モデムというものは回線(ケーブルや多重化したアナログ伝送回線)の両端に接続されて通信を行うもの、と理解されています。
このモデムは昭和30年代(1955年)に入って出現したと思われていますが、実はそれ以前からサービスに供されています。
ではなぜそれ以前に目につかなかったのでしょうか。

それ以前は当時の「日本電信電話公社」の直営品目としてサービスに供されていました。
電話局のビルの奥深くで、黙々を動いていたのですから判らない筈ですね。
この装置を作っていたのが電電公社の随契3社と呼ばれた日本電気、富士通、沖電気です。
競争が無いので楽な商売であったことは確かでしょう。

それが昭和30年代に入るや時の流れが変わり、専用回線~公衆回線と回線開放の動きが加速します。

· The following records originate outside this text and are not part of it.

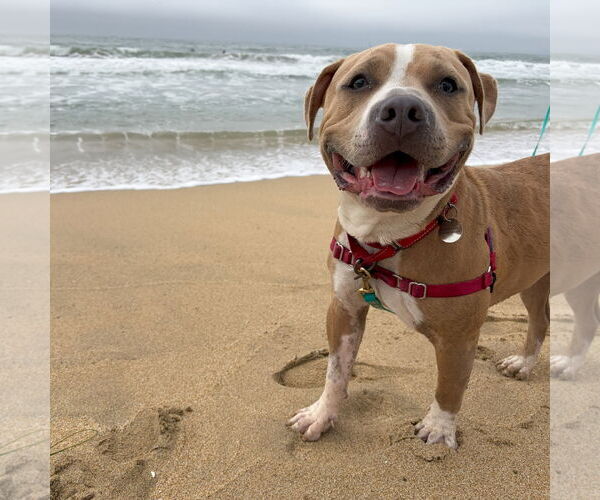 Medium Photo #1 Staffordshire Bull Terrier-Unknown Mix Puppy For Sale in San Jose, CA, USA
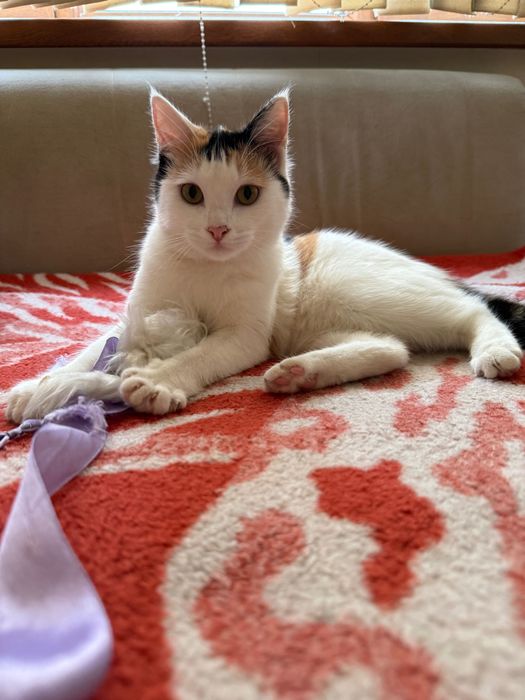 Пристраиваю малейшую кошечку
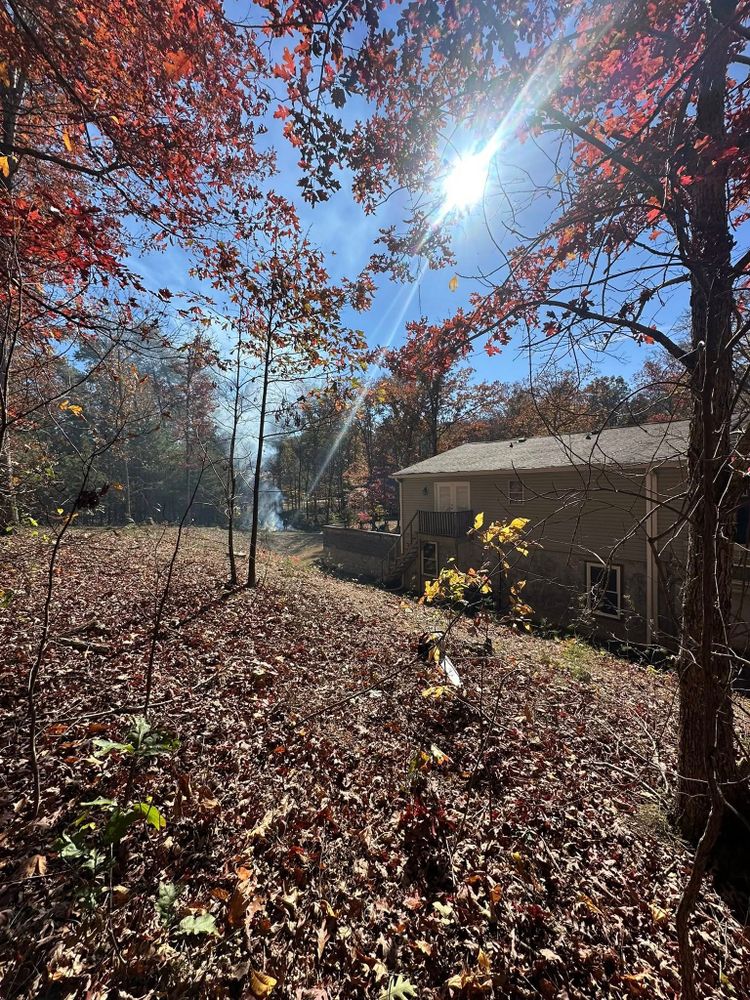 Our Fall Clean-Up service ensures your property remains tidy and healthy by removing leaves, branches, and debris. Prepare your landscape for winter with our thorough professional care for optimal growth next spring. for SEALY TREE and LAWN in Cleveland, TN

自由化の走りですね。
それからアメリカを先頭に各社が新製品を開発し、モデムの競争が加速します。
NECが世界最速の自動等化器の収束速度 30ms (Fast PollingModem)を開発し、IEEE のAwardを取るなど、先陣を切っていました。 その当時、国際規格電信電話諮問委員会 CCITTT勧告(現ITU-T勧告)は収束速度が 253ms でしたから画期的でしたね。